Deux autres daguerréotypes sont emblématiques du Troyes pittoresque et romantique qui existait encore avant les travaux d’urbanisation et d’assainissement de la fin du XIXe siècle. Tous deux bénéficient du cadrage et de la composition soignés d’un artiste peintre confirmé. L’entrée de la rue de la Grande-Tannerie (Raymond-Poincaré) présente un aspect rural avec ses multiples bornes tenant en respect les roues ferrées des voitures et les murets, vestiges sans doute des remparts et de la porte de la Tannerie démolie en 1842. Le photographe a profité de la curiosité du voisinage et a rameuté des personnages du cru en costumes divers. Chacun attend, sagement immobile, de vérifier la légende, peut-être encore crédible à cette époque, du petit oiseau qui doit jaillir de la boîte photographique.L’autre vue, que l’on peut dater, comme les précédentes des environs de 1855, nous transporte au Quartier-Bas, dans un lieu aujourd’hui méconnaissable. Le cours d’eau est très probablement le canal de la Planche-Clément. Son emplacement est aujourd’hui occupé par la rue du même nom. La vue est prise vers le sud et semble correspondre au débouché de l’impasse Saint-Denis, maintenant disparue. L’arrière-plan bucolique témoigne de la faible urbanisation de ce quartier de jardins et de vergers. Les aléas du temps ont fait disparaître le cadre et oxydé les bords de cette magnifique photographie.

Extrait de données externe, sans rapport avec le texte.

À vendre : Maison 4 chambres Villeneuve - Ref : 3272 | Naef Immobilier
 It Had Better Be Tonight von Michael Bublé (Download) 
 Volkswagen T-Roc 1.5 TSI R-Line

Un huitième et dernier daguerréotype présente une vue plus « conventionnelle » que le clocher de l’église Saint-Pierre permet de situer à Bar-sur-aube. Une rue ensoleillée – nous ne connaissons pas de daguerréotype réalisé en extérieur un jour de pluie ! – plonge vers la ville. Les curieux habituels sont là, soigneusement répartis sur toute la largeur de la photographie, dans des poses parfois un peu affectées. Il s’agit peut-être de la rue Pierre-Brossolette qui descend vers le Pont d’Aube, mais les lieux ne nous sont pas familiers et nous laissons à des connaisseurs le soin de les localiser. Les parfums d’autrefois que développent ces fragiles et presque fantomatiques photographies, leurs qualités esthétiques et documentaires, en font des témoins précieux du basculement d’une époque dans la modernité ; c’est la naissance d’une technique qui devra batailler pour trouver son statut d’art à part entière.
Michel Toussaint
Sur les débuts de la photographie à Troyes, voir :
Lucien Morel-Payen, « Souvenir de Alexandre-Jean-Pierre Clausel, Peintre et Photographe, 1802-1884 », Annuaire administratif et artistique du département de l’Aube 1912, 2e partie, p. 25, et les compléments apportés à cet article sous le même titre par Jacques Fournier, ATEC, février 2000
Michel Toussaint, « La Photographie pittoresque à Troyes pendant le Second Empire (1852-1870) », La Vie en Champagne, janvier-mars 2014, n° 77
Michel Toussaint, « Les photographes à l’exposition de Troyes en 1860 », ATEC, octobre 2006
Comme à son habitude, Michel Toussaint a donné là une analyse très fine de ces documents très rares. S’est toujours un plaisir renouvelé que de s’aventurer dans les débuts de la photographie troyenne, illustrée par ses beaux daguerréotypes.